Segment Start: MATERIAL SHOWN

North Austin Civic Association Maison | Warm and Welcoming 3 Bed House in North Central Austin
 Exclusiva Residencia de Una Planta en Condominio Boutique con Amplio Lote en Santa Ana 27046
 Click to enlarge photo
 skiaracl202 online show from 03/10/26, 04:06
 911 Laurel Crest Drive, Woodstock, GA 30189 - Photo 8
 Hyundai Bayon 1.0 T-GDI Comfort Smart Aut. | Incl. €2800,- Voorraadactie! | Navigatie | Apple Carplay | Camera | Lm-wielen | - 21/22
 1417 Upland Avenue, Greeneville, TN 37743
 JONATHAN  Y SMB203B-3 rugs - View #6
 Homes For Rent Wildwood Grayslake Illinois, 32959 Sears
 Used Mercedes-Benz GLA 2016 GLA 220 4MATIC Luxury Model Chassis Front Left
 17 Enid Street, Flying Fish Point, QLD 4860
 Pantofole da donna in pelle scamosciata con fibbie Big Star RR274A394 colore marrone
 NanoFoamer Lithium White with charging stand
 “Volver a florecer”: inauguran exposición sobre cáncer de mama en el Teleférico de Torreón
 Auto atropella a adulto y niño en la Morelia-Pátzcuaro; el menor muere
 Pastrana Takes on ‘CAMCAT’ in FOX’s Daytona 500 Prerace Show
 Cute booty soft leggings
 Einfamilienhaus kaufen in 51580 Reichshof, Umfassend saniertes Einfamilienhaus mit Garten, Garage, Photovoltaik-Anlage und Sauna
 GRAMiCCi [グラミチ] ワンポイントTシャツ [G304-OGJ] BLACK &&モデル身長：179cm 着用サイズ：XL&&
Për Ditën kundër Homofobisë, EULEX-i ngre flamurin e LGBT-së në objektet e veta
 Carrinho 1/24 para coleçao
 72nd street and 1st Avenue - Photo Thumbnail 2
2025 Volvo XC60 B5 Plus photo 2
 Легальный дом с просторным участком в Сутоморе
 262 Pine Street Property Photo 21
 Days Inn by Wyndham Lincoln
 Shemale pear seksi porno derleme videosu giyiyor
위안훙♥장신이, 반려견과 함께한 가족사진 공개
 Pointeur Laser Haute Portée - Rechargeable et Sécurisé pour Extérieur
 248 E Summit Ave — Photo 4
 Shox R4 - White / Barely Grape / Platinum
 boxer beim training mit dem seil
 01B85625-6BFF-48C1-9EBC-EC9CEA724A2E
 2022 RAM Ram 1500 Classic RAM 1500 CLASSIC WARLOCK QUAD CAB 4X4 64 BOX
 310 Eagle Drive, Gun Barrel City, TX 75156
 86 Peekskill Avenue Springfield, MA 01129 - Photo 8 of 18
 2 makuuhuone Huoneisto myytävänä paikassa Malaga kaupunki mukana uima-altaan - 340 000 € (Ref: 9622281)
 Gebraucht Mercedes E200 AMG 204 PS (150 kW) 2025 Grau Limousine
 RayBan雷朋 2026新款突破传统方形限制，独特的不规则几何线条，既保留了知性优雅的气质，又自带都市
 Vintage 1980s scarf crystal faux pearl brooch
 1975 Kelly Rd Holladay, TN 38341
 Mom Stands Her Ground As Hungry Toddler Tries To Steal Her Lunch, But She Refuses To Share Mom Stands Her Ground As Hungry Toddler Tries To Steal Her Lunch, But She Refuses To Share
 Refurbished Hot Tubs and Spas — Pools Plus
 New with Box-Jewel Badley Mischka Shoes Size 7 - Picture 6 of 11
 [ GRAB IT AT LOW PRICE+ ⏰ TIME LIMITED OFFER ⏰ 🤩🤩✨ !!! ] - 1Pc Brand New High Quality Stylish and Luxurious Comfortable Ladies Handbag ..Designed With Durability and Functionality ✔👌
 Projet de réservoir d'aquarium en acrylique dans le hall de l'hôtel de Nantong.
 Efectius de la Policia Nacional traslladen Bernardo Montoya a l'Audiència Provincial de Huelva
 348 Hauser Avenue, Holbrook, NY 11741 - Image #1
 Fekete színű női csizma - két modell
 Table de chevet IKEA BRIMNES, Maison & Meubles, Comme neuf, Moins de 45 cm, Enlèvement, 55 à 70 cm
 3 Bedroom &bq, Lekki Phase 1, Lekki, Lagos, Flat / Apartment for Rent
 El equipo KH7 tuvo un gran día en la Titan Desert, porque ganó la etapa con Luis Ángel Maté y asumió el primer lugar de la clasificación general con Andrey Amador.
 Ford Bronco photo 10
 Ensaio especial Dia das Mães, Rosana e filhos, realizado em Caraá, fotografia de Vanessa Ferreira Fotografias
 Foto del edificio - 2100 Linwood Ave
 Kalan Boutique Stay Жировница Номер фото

Segment End: MATERIAL SHOWN

ACTIVITY :: Only the lines above starting at the one containing "위안훙♥장신이, 반려견과 함께한 가족사진 공개" and ending at the one containing "1975 Kelly Rd Holladay, TN 38341", both included, are to be returned, exactly as they read.

RESPONSE AREA ::
위안훙♥장신이, 반려견과 함께한 가족사진 공개
 Pointeur Laser Haute Portée - Rechargeable et Sécurisé pour Extérieur
 248 E Summit Ave — Photo 4
 Shox R4 - White / Barely Grape / Platinum
 boxer beim training mit dem seil
 01B85625-6BFF-48C1-9EBC-EC9CEA724A2E
 2022 RAM Ram 1500 Classic RAM 1500 CLASSIC WARLOCK QUAD CAB 4X4 64 BOX
 310 Eagle Drive, Gun Barrel City, TX 75156
 86 Peekskill Avenue Springfield, MA 01129 - Photo 8 of 18
 2 makuuhuone Huoneisto myytävänä paikassa Malaga kaupunki mukana uima-altaan - 340 000 € (Ref: 9622281)
 Gebraucht Mercedes E200 AMG 204 PS (150 kW) 2025 Grau Limousine
 RayBan雷朋 2026新款突破传统方形限制，独特的不规则几何线条，既保留了知性优雅的气质，又自带都市
 Vintage 1980s scarf crystal faux pearl brooch
 1975 Kelly Rd Holladay, TN 38341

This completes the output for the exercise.